:: Source data

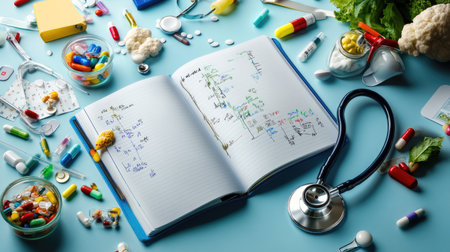 Clinical flat lay featuring stethoscope and healthcare journal with diagnostic chartの素材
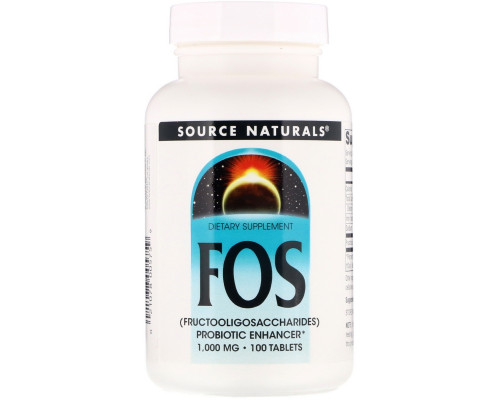 Source Naturals, FOS (фруктоолигосахариды), 100 таблеток Source Naturals, FOS (фруктоолигосахариды), 100 таблеток
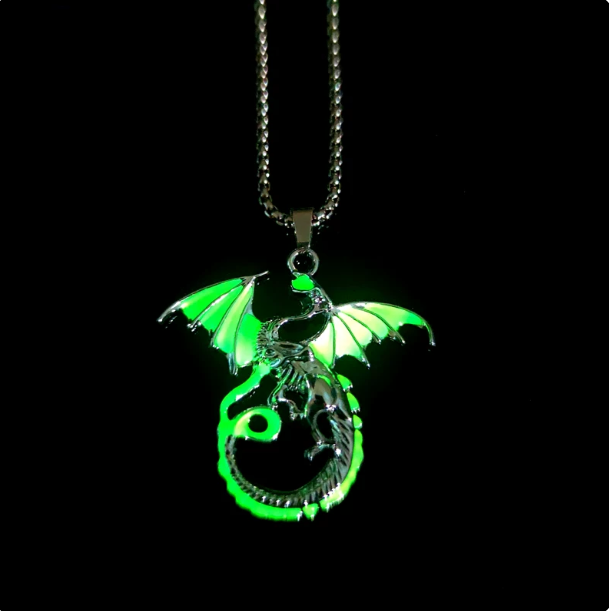 Men's Glow in the Dark Wolf & Dragon Pendant Necklace | Vintage Hip-Hop Streetwear Alloy Amulet | Stainless Steel Chain
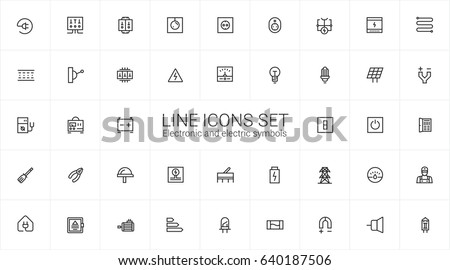 Electronic and electrics. Minimalism vector symbols, line icons set for mobile and desktop screens design.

::::

▸ Instructions for the task
Repeat the lines from the line containing "Men's Glow in" through the end of the material above exactly, with no pictures and nothing else.

▸ Response for this exercise
 Men's Glow in the Dark Wolf & Dragon Pendant Necklace | Vintage Hip-Hop Streetwear Alloy Amulet | Stainless Steel Chain
 Electronic and electrics. Minimalism vector symbols, line icons set for mobile and desktop screens design.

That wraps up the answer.